The finding by the court a quo that the two reconciliations were never agreed between the
appellant and the respondent cannot be said to be irrational, given the
evidence availed during the trial proceedings.
It is clear that the reconciliations were subject to
approval by the Chairman.
According to Mr Nhemachena, such approval was never given.
Further, even the reconciliations, and, in particular, the one claimed in
respect of Mozambique, show that the figures were not agreed at the time Mr
Nhemachena signed them. The reconciliation makes it clear that there were
claims thereon that required verification with Jordan and R Mandiwanzira in
Mozambique. As it turned out, some of the claims were paid whilst others were
not. The figures in the reconciliation could not therefore have been agreed
upon as at the date the parties signed the document on 7 November 2008.
It was argued that the fact that payments were made to the
appellant after the two parties had signed the reconciliations is indicative of
an agreement having been reached on all the figures.
That cannot possibly be correct.
The amounts paid appear to have related to specific items
claimed by the appellant and not the specific instalments to be paid in terms
of what the documents refer to as the payment plan.

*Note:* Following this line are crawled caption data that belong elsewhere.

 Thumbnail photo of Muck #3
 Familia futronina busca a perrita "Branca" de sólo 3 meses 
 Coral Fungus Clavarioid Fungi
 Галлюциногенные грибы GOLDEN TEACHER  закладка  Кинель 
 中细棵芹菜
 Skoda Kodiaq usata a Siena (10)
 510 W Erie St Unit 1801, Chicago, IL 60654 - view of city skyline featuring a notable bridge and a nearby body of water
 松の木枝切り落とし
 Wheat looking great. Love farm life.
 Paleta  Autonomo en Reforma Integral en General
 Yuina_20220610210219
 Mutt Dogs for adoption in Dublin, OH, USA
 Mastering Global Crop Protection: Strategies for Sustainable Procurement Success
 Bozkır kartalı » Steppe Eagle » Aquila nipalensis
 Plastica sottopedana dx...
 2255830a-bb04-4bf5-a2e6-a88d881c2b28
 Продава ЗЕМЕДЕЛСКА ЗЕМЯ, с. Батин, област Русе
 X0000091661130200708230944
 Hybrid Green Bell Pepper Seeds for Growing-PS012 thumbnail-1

In all the circumstances therefore, I find that there is no
basis upon which this court can interfere with the findings made by the court a
quo.
It becomes unnecessary to determine the issues raised on
the hire of equipment and the charges raised consequent thereto….,.
DISPOSITION
For the above reasons, the appeal lacks merit
and therefore cannot succeed. It is accordingly dismissed with costs.